* _Work request_
Return verbatim all lines from the first one in the records to the line with "ShyArtist - Mozart, In uomini in soldati", both ends kept.

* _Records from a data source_
● ● ● ●

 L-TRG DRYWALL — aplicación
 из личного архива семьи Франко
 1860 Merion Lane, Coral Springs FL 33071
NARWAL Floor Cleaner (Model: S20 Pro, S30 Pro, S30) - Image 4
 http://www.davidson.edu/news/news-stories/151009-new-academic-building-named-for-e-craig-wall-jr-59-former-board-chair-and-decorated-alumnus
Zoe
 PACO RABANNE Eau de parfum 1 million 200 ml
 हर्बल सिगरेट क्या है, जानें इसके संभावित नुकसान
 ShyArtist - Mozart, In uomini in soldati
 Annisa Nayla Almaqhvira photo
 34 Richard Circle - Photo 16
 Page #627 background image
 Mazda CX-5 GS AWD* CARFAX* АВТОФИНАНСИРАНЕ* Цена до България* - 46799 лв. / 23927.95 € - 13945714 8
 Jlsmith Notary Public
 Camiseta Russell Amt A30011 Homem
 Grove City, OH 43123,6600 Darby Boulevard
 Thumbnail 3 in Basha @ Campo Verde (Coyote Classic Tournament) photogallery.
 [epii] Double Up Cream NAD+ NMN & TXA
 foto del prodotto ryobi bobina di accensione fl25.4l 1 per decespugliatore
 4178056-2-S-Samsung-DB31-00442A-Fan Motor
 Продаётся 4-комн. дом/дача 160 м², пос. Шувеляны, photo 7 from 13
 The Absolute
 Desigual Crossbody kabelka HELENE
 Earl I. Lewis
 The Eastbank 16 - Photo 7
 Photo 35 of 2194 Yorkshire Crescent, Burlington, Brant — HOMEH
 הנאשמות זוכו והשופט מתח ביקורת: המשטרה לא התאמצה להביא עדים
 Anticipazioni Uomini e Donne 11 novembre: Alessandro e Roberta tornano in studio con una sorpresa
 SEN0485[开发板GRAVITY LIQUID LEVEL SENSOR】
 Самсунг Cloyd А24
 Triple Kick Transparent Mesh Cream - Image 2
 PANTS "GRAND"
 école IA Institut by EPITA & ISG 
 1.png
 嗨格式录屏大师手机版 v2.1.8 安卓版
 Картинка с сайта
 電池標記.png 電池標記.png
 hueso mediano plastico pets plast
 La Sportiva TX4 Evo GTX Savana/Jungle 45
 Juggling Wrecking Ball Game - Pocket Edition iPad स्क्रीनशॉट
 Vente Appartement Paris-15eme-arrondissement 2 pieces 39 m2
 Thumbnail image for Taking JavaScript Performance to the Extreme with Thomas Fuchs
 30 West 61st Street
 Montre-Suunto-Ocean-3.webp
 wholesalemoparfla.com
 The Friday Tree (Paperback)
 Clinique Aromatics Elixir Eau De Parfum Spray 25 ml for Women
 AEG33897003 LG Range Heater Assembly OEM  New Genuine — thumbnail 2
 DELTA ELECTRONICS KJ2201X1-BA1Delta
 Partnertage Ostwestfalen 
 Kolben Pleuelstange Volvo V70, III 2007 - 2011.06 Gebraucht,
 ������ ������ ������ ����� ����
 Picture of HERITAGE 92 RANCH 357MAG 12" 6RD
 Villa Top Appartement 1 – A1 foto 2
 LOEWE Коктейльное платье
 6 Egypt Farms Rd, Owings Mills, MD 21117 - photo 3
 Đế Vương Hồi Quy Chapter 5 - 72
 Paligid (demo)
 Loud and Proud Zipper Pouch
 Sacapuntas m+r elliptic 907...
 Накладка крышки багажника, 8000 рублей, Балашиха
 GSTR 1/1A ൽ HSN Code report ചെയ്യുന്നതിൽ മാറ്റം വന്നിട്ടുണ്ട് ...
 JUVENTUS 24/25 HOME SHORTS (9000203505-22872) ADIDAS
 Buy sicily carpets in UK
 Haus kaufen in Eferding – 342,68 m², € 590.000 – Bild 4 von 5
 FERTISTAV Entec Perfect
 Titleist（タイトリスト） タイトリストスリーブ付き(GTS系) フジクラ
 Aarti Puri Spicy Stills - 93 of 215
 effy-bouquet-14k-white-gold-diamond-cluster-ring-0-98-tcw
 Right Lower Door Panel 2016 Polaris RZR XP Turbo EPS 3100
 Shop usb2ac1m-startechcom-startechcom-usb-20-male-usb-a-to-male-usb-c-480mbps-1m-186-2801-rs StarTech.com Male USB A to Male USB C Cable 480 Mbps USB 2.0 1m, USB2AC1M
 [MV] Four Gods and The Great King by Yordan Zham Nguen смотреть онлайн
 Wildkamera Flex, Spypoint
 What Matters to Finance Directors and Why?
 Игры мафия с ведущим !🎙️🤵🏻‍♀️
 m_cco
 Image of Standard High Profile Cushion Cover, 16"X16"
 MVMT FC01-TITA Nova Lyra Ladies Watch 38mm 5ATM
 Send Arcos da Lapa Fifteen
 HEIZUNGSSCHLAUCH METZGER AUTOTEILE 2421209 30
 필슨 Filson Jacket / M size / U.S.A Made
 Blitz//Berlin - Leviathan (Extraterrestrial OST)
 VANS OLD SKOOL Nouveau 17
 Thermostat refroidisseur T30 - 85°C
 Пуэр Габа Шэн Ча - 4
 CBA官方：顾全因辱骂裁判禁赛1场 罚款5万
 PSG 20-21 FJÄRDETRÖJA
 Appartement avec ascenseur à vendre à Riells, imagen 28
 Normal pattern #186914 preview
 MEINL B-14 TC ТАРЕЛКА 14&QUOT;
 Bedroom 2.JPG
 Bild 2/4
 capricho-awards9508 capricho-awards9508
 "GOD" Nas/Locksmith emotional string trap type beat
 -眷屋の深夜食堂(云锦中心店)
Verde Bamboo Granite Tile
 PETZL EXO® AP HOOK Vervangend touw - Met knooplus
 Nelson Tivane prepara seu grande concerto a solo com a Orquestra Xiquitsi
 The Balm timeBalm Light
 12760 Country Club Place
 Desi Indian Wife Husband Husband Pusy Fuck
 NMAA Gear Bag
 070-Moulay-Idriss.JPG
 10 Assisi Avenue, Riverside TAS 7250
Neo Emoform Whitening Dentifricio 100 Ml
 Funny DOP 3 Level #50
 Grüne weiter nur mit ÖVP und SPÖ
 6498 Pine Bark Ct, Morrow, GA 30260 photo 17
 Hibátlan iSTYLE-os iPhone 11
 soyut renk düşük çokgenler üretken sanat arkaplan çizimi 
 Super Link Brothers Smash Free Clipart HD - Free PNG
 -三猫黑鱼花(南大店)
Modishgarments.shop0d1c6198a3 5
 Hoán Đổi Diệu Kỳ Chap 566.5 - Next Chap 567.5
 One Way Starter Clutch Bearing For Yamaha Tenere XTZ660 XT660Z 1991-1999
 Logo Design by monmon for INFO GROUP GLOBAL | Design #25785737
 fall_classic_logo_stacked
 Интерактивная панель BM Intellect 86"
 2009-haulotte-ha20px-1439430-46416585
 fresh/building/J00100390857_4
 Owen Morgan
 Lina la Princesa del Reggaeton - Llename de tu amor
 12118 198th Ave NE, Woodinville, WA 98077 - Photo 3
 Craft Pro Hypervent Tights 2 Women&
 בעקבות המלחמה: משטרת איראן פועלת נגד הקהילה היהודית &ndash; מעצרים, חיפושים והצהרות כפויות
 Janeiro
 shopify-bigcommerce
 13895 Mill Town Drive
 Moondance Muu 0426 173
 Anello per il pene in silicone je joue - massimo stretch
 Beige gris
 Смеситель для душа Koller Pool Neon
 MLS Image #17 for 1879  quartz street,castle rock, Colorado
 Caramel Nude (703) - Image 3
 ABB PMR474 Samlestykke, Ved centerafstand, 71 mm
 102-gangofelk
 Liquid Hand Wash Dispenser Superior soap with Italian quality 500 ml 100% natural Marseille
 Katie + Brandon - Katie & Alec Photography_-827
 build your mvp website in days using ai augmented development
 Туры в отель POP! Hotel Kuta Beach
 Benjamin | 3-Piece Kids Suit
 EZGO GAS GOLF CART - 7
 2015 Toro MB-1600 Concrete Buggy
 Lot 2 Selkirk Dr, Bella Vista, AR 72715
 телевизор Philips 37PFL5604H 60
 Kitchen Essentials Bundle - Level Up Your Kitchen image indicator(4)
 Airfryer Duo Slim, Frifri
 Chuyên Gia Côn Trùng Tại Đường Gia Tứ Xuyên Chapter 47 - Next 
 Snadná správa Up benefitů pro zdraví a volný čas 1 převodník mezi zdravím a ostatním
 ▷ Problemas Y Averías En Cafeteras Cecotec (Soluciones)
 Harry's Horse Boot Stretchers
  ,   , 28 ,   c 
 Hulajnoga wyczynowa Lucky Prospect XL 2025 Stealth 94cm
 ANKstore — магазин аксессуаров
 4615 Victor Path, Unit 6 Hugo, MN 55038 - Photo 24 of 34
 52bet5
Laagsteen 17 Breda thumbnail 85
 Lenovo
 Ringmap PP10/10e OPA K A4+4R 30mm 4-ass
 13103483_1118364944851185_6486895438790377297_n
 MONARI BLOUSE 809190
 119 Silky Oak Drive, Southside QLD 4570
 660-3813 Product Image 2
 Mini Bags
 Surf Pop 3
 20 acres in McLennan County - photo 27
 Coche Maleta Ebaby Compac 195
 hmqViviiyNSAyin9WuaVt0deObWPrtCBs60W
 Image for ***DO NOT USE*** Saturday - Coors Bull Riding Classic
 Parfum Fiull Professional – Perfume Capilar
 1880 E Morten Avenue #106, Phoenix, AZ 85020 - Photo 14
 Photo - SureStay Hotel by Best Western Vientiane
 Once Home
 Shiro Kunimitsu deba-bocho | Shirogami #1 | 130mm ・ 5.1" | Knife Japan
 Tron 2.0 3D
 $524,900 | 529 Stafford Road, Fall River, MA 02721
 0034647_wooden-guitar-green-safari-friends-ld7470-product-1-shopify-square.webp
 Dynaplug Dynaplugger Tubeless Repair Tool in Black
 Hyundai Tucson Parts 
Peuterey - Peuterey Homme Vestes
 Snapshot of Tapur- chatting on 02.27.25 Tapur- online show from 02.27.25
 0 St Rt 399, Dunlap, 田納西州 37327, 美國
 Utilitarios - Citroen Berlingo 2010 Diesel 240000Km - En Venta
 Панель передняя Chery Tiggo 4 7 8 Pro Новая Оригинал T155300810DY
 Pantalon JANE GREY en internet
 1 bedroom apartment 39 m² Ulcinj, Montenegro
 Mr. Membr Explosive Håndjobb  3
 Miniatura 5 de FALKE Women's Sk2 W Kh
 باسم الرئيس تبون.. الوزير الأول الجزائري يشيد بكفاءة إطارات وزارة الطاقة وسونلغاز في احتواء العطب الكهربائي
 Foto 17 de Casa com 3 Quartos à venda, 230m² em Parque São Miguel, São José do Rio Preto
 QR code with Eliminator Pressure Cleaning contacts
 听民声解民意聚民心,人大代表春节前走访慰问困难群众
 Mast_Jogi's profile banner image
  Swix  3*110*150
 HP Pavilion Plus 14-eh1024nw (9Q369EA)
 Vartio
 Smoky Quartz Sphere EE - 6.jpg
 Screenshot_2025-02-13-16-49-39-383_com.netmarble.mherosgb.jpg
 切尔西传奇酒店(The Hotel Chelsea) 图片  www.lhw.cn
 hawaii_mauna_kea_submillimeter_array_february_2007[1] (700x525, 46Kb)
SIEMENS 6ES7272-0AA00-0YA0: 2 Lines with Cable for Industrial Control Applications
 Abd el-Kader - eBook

● ● ● ●

* _Exercise answer_
 L-TRG DRYWALL — aplicación
 из личного архива семьи Франко
 1860 Merion Lane, Coral Springs FL 33071
NARWAL Floor Cleaner (Model: S20 Pro, S30 Pro, S30) - Image 4
 http://www.davidson.edu/news/news-stories/151009-new-academic-building-named-for-e-craig-wall-jr-59-former-board-chair-and-decorated-alumnus
Zoe
 PACO RABANNE Eau de parfum 1 million 200 ml
 हर्बल सिगरेट क्या है, जानें इसके संभावित नुकसान
 ShyArtist - Mozart, In uomini in soldati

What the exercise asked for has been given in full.